При этом нелишним будет напомнить, что прямых оснований для подобного сравнения более чем достаточно. Во-первых, соглашаясь с Э.Ф. Осиповой, высказавшей в нашей книге предположение, что переводы трех рассказов По были выполнены Д.Л. Михайловским не с французского языка, как это считалось прежде в русской филологии, а непосредственно с подлинника, что легко подтверждается сравнительным анализом трех текстов (По, Бодлера, Михайловского), нельзя не принимать во внимание того обстоятельства, что сам Достоевский, не владевший английским языком, читал По именно по-французски, в издании «Новые необычайные истории», опубликованном Бодлером отдельной книгой в 1857 г. Во-вторых, как верно указывается в примечаниях к тексту «Трех рассказов Эдгара Поэ» в академическом собрании сочинений Достоевского[605], русскому писателю мог быть известен более ранний вариант предисловия Бодлера к упомянутому сборнику, появившийся во Франции весной 1852 г. и напечатанный в анонимном русском переводе под названием «Эдгар Эллен-Поэ. Северо-американский поэт» осенью того же 1852 г. в журнале «Пантеон» (№ 9): сама формула Достоевского «вполне американец» отчетливо перекликается с русским заглавием очерка французского поэта. В-третьих, – и это, наверное, самое важное – необходимо сознавать, что позиция Бодлера-переводчика и толкователя По отнюдь не оставалась неизменной на протяжении тех почти двадцати лет творческой жизни, которые он отдал «переселению» сочинений американского писателя на французскую почву. При этом, как уже было сказано, в эволюции взглядов Бодлера на творчество По, равно как на те отношения, что связали его собственное литературное лицо с американским «двойником», определенную роль мог сыграть открытый и скрытый диалог поэта с Барбе д’Оревильи. Строго говоря, нам важно не столько установить точные генетические связи между текстами четырех писателей, сколько воссоздать саму «философию обстановки», в рамках которой стали возможны в литературном сознании эпохи эти переклички и соответствия, схождения и расхождения вполне разнородных литературных суждений об «американском гении».

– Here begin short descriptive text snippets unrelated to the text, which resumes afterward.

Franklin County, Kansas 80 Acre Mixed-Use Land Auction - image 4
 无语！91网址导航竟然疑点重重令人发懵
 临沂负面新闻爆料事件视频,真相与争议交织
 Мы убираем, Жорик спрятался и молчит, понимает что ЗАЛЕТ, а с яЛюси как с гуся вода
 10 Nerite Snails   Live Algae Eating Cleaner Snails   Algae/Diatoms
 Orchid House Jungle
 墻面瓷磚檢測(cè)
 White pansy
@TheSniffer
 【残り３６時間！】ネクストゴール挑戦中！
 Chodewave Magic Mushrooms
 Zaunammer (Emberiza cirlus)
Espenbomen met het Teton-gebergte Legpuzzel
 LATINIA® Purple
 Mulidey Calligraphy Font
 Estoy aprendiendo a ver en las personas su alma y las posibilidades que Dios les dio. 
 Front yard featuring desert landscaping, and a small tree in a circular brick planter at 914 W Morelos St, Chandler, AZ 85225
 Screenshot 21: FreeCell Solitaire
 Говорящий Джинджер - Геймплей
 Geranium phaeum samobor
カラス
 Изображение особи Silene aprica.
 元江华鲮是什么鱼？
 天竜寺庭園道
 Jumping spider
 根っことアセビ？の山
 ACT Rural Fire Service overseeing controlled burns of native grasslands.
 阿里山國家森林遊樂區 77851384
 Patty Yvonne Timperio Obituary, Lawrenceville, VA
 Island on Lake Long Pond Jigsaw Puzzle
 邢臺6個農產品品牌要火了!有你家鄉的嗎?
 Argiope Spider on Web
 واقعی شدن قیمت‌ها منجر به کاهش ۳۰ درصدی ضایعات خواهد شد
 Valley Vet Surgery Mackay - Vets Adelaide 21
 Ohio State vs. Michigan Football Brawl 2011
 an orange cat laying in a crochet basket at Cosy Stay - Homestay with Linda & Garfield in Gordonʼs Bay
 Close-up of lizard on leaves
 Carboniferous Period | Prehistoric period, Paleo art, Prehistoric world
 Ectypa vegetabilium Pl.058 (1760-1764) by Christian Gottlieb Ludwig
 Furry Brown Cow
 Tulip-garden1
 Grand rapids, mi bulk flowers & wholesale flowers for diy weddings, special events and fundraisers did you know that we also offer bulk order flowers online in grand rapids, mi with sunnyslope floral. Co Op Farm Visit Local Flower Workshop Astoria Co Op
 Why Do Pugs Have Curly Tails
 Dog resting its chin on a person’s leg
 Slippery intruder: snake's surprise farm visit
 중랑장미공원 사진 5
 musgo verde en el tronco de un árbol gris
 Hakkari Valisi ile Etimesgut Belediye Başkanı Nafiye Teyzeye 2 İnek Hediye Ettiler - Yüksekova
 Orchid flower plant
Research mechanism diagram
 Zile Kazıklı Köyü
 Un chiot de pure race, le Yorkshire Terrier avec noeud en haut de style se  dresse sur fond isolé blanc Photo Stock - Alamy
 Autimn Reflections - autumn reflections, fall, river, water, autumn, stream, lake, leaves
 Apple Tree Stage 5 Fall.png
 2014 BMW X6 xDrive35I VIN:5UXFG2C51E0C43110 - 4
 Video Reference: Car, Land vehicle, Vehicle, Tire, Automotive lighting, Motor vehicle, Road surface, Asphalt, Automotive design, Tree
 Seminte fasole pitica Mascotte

Поскольку работы Бодлера о По в общем и целом хорошо известны в научном мире (хотя для России это утверждение нуждается в существенной поправке, связанной как с сомнительным качеством существующих переводов, так и с отсутствием в русском корпусе нескольких важных текстов, посвященных Бодлером американскому писателю), тогда как статьи Барбе д’Оревильи довольно редко привлекаются для характеристики особенностей восприятия По во французской литературе XIX века[606], представляется целесообразным выстроить нашу работу в следующем порядке: во-первых, нам важно представить общелитературный и персональный контекст, в рамках которого Барбе д’Оревильи заинтересовался творчеством По, равно как выделить и проиллюстрировать основные моменты его видения «американского гения»; во-вторых, необходимо реконструировать те направления в восприятии американского поэта, по которым открыто и скрыто пикировались или просто противостояли друг другу два французских писателя; в-третьих, воссоздав литературные портреты автора «Ворона», нарисованные соответственно в статьях Барбе д’Оревильи и в работах Бодлера, любопытно было бы в свете этих зарисовок заново взглянуть на набросок рассуждения о методе По, который Достоевский оставил в своем предисловии.